What the exercise asks »
From the line containing "Item preview, Evan" through the last line of the entries below, transcribe each line exactly, excluding any picture.

** Data supplied follows **

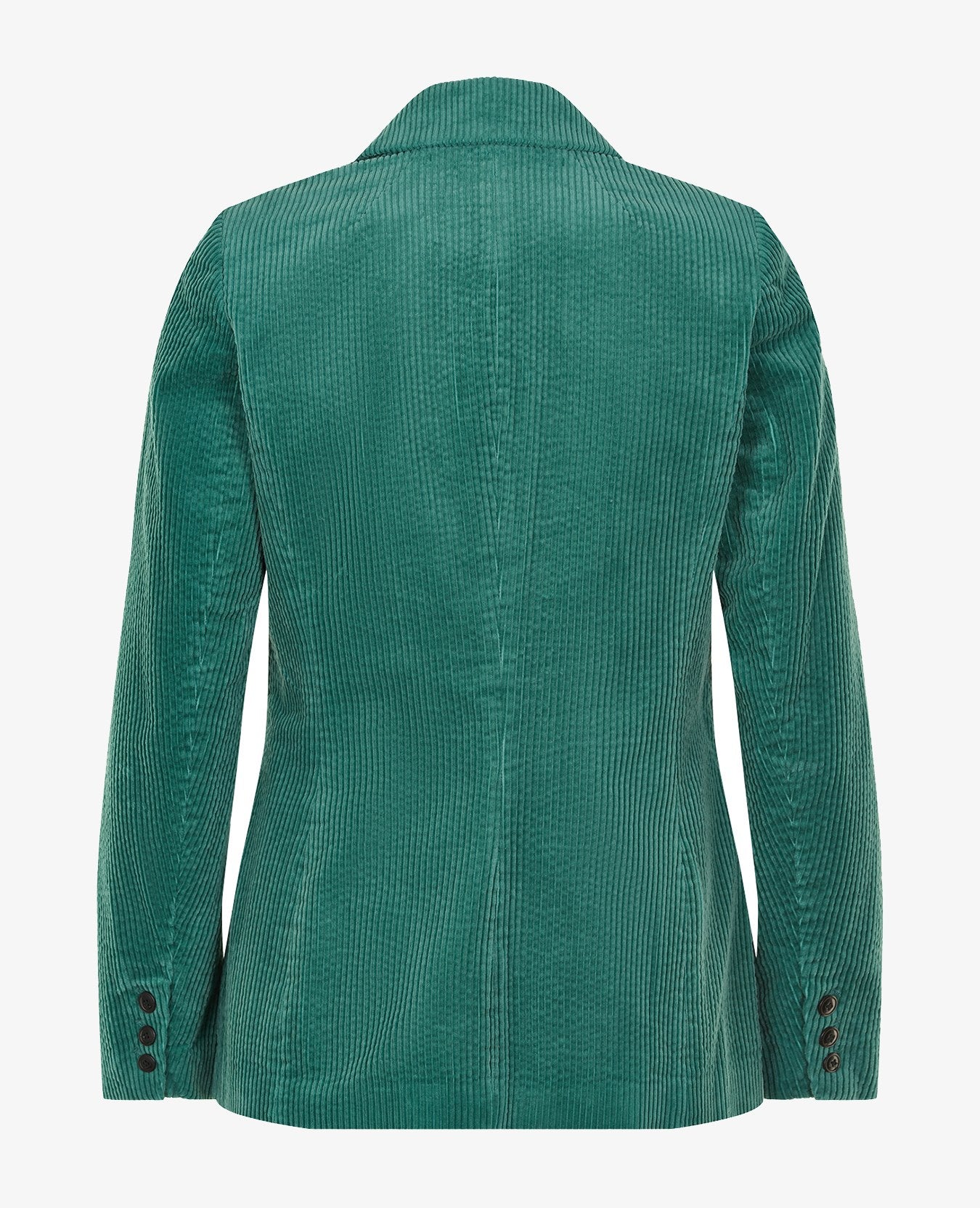 ESSENTIAL CORDUROY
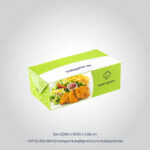 Fried Chicken Box _Takeaway-100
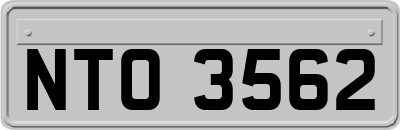 NTO3562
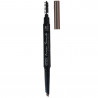 Crayon à sourcils biseauté - Light brown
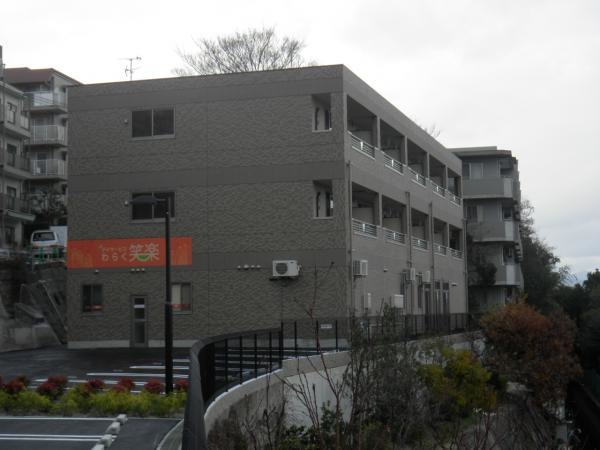 摜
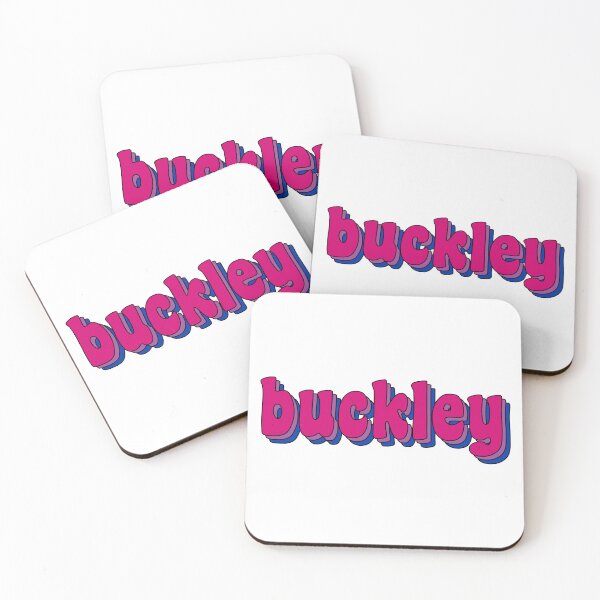 Item preview, Evan Buckley 9-1-1 Bi Flag designed and sold by abbyksbubble.
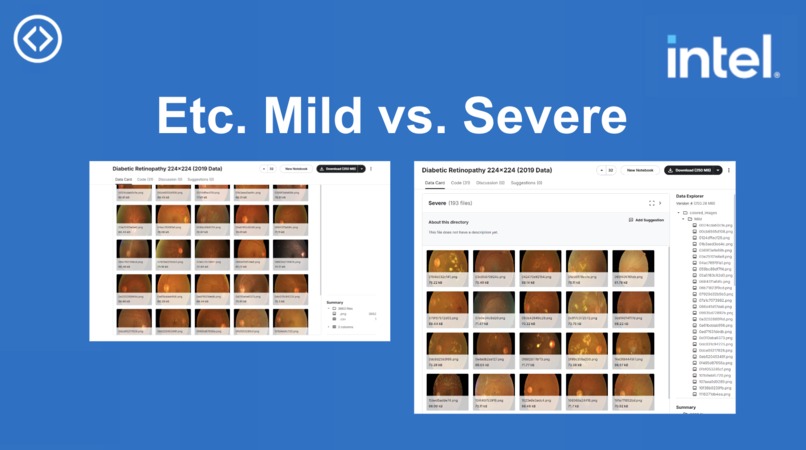 DIATOS – screenshot 11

** End of Data supplied **

Written reply »
 Item preview, Evan Buckley 9-1-1 Bi Flag designed and sold by abbyksbubble.
 DIATOS – screenshot 11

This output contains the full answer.